*** Opening of DATA FOR THIS EXERCISE ***
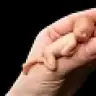 ebo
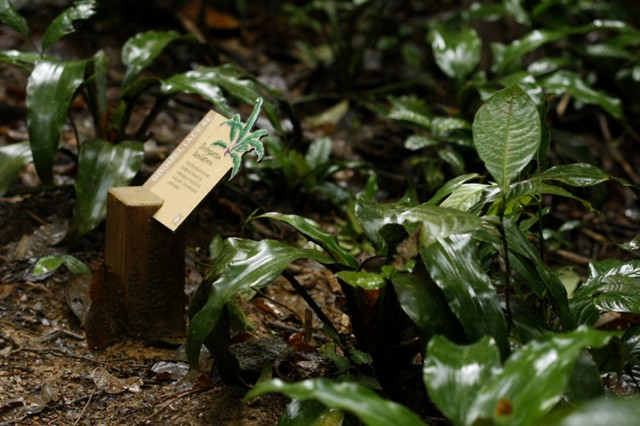 Sentier botanique Trésor : Une nouvelle signalétique pour la découverte des arbres et des plantes de sous bois.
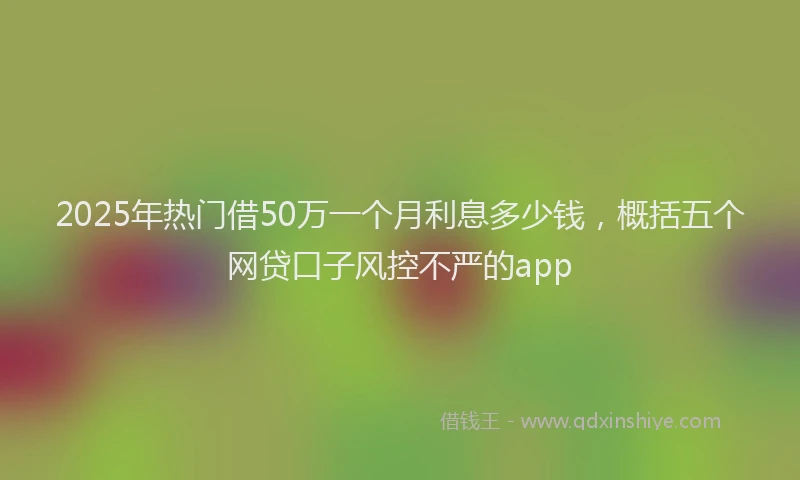 2025年热门借50万一个月利息多少钱，概括五个网贷口子风控不严的app
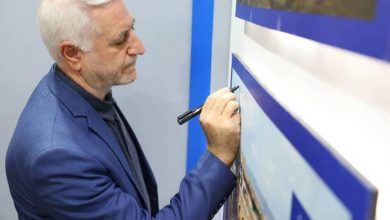 مدیرعامل صندوق توسعه و احیای بناهای تاریخی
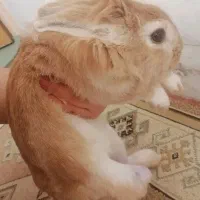 خرگوش|موش و خرگوش|نجفآباد, امیرکبیر|دیوار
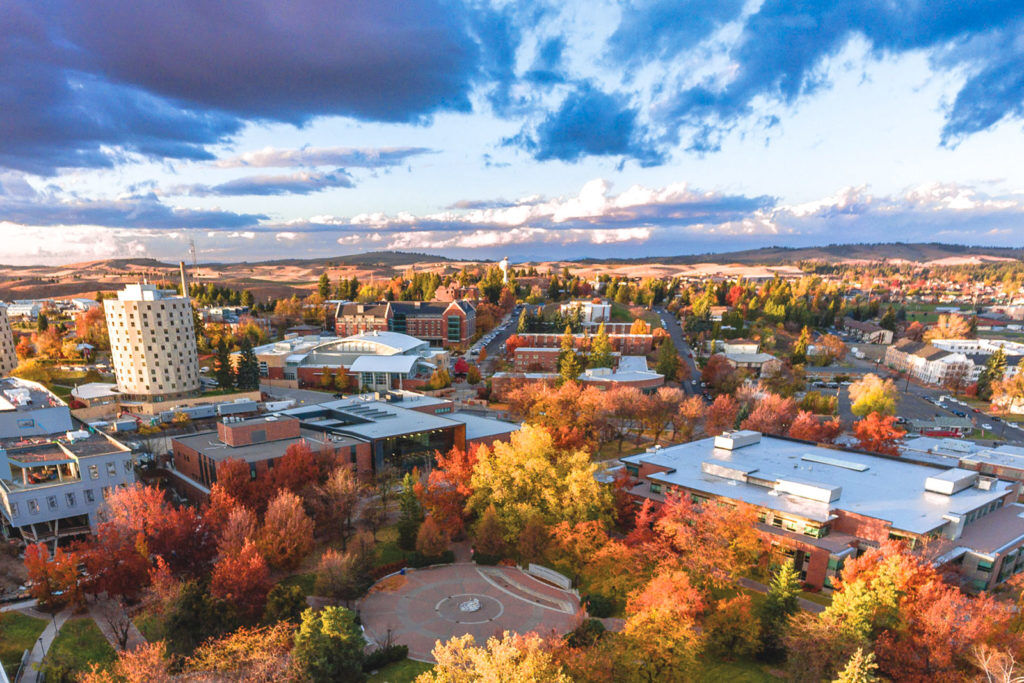 Bilde av universitetet og campus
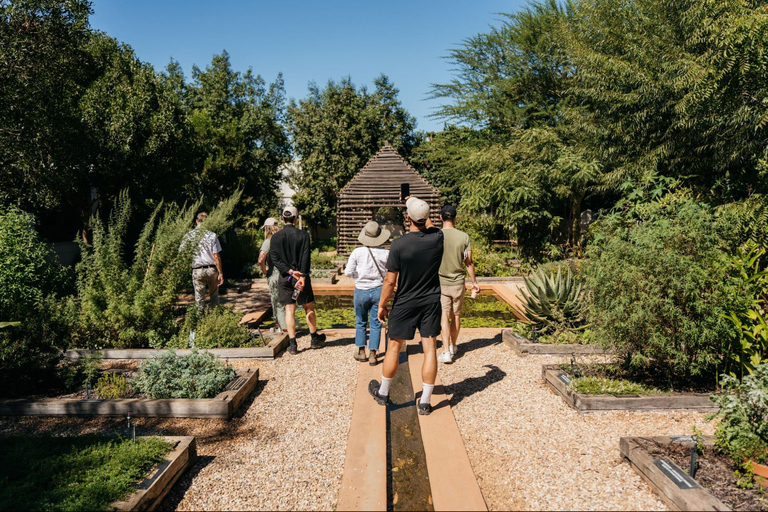 Cape Town: Cape Winelands and Vineyard Tour with Guide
*** Close of DATA FOR THIS EXERCISE ***
## WORK INSTRUCTIONS
Leaving aside the pictures, copy the listing above exactly.

## OUTPUT FOR THIS EXERCISE
 ebo
 Sentier botanique Trésor : Une nouvelle signalétique pour la découverte des arbres et des plantes de sous bois.
 2025年热门借50万一个月利息多少钱，概括五个网贷口子风控不严的app
 مدیرعامل صندوق توسعه و احیای بناهای تاریخی
 خرگوش|موش و خرگوش|نجفآباد, امیرکبیر|دیوار
 Bilde av universitetet og campus
 Cape Town: Cape Winelands and Vineyard Tour with Guide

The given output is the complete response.